Lincoln in America
Jon Kyl, February 18, 2008
Many constituents, especially students for school projects, ask me which President I admire most. I answer, Abraham Lincoln.
I am not alone in admiring our 16th president. Indeed, he is often the standard to which aspiring leaders are compared. "We need another Lincoln," is a frequent refrain during the presidential race. This phrase can be uttered with sincerity by individuals of vastly different political views, and that testifies to the place that Lincoln occupies in our culture today.
February marked Lincoln’s 199th birthday, so it is a good time to reflect on the role that Lincoln still plays in our country -- and a recent book does just that. In Land of Lincoln: Adventures in Abe’s America, Andrew Ferguson, a senior editor for the Weekly Standard, travels to Lincoln sites around the country, from his hallowed birthplace, to private homes bulging with priceless Lincoln artifacts, to a convention of Lincoln re-enactors. In the process, he finds a nation in which Lincoln has not only been revered, but many places where his name has been put to use for a number of different causes and whose story has been shaped to suit the mood of the time.

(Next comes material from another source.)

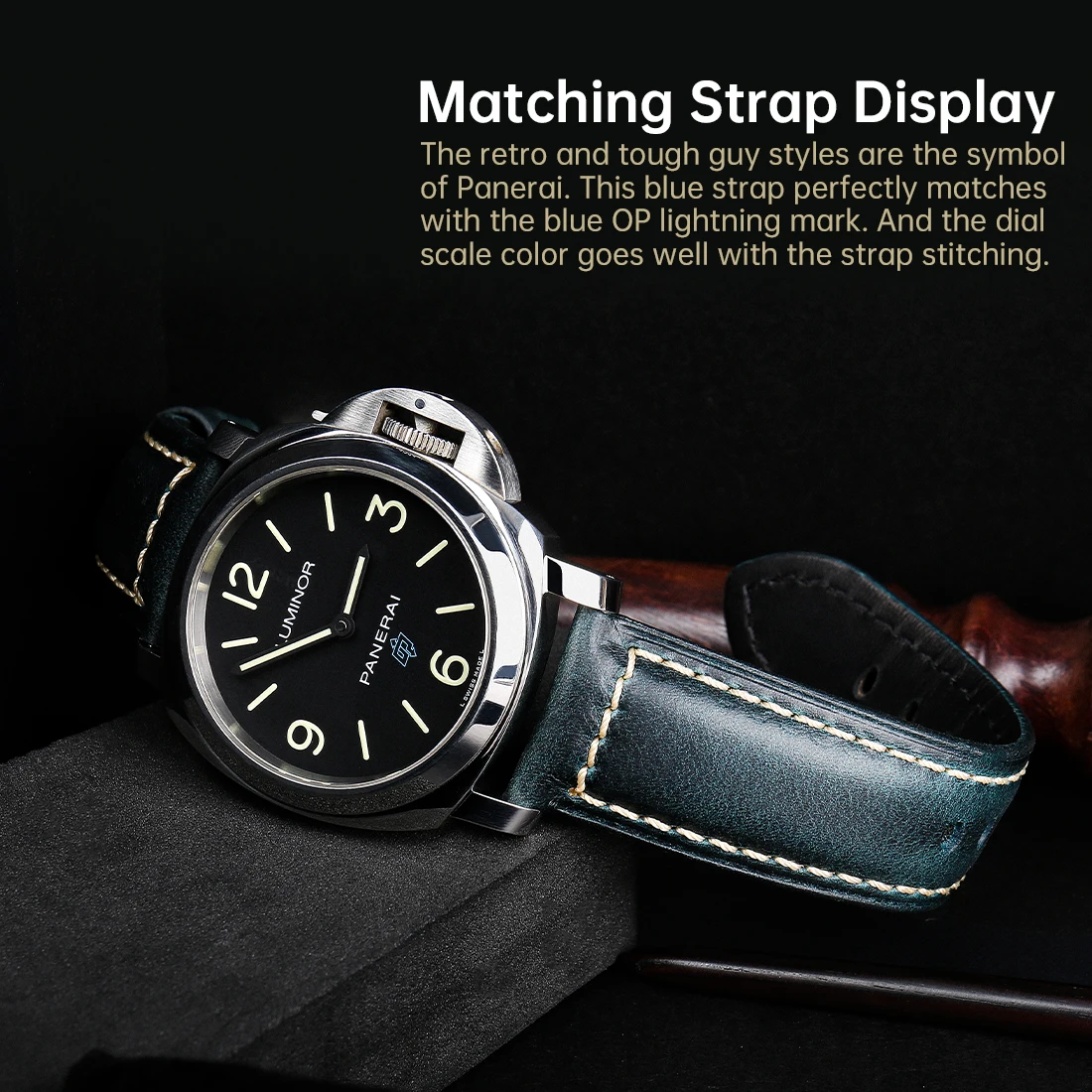 Handmade Watchband Blue 20mm 22mm 24mm With Black Buckle Vintage Oil Wax Leather Watch Strap For Fossil Watch Band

One leg of Ferguson’s trip takes him to the $150 million Abraham Lincoln Presidential Library and Museum, the exhibits of which were created by the brains behind notable theme parks. The museum is meant to appeal to young people and their families; as Ferguson writes, "The museum had to be fun." As a result, the museum places far more emphasis on Lincoln’s personal life and family than it does on, for instance, his role in the Civil War. ("The Civil War was sort of a guys’ time, you know?" the exhibit’s creator told Ferguson, justifying the war’s treatment on the grounds that it may not appeal to some museum visitors.)
From the fun, human Lincoln, it’s on to business, to "Lincoln as business guru...a management consultant imported from the nineteenth century." While Lincoln’s contemporaries panned his business sense, Ferguson notes today, an industry has grown up around making Lincoln relevant to those who want to be successful and make money. Ferguson quotes from a Lincoln management seminar he witnessed: "It’s 1860. Lincoln [is] about to take office. There’s been a revolution in the company, the United States....In 1776 we had two million employees. By 1860 we’re talking 31.1 million." Soon, the seminar’s participants are drawing parallels between their company and the fracturing nation.
Lincoln has also been used as a marketing tool. As a boy, Ferguson remembered traveling the Lincoln Heritage Trail, a 960-mile road trip through Kentucky, Illinois, and Indiana. The signs for the trail have now disappeared, leading Ferguson to recall the time of his childhood "when Americans really cared enough about Lincoln to mark his memory by retracing his steps" -- that is, until he called the creator of the trail. The trail’s inventor told him, "the whole thing was cooked up by the marketing guys at the American Petroleum Institute....They wanted to get people traveling....Get’em into their cars, get’em buying gasoline." What harkened to a simpler time 40 years ago for Ferguson was actually just a marketing ploy.
"Put Lincoln’s name on it, and you can sell anything," Ferguson was told along his trip. That sentiment doesn’t suggest that we hold our nation’s heroes in high regard.
Indeed, Ferguson’s book provides an insightful look at how we treat America’s heroes today. "We’re too wised-up to fall for historical or national icons," he laments. In place of icons and heroes, we have Lincoln the family man, Lincoln the businessman, and Lincoln the advertiser.
Despite all of this, Lincoln has maintained his hold on the American people. His legacy has retained the important meaning it has for our nation, and it’s critical we never lose sight of that.
Senator Jon Kyl, a Republican, represents Arizona in the U.S. Senate. He serves on the Senate Judiciary Committee, the Finance Committee, and the Energy and Natural Resources Committee.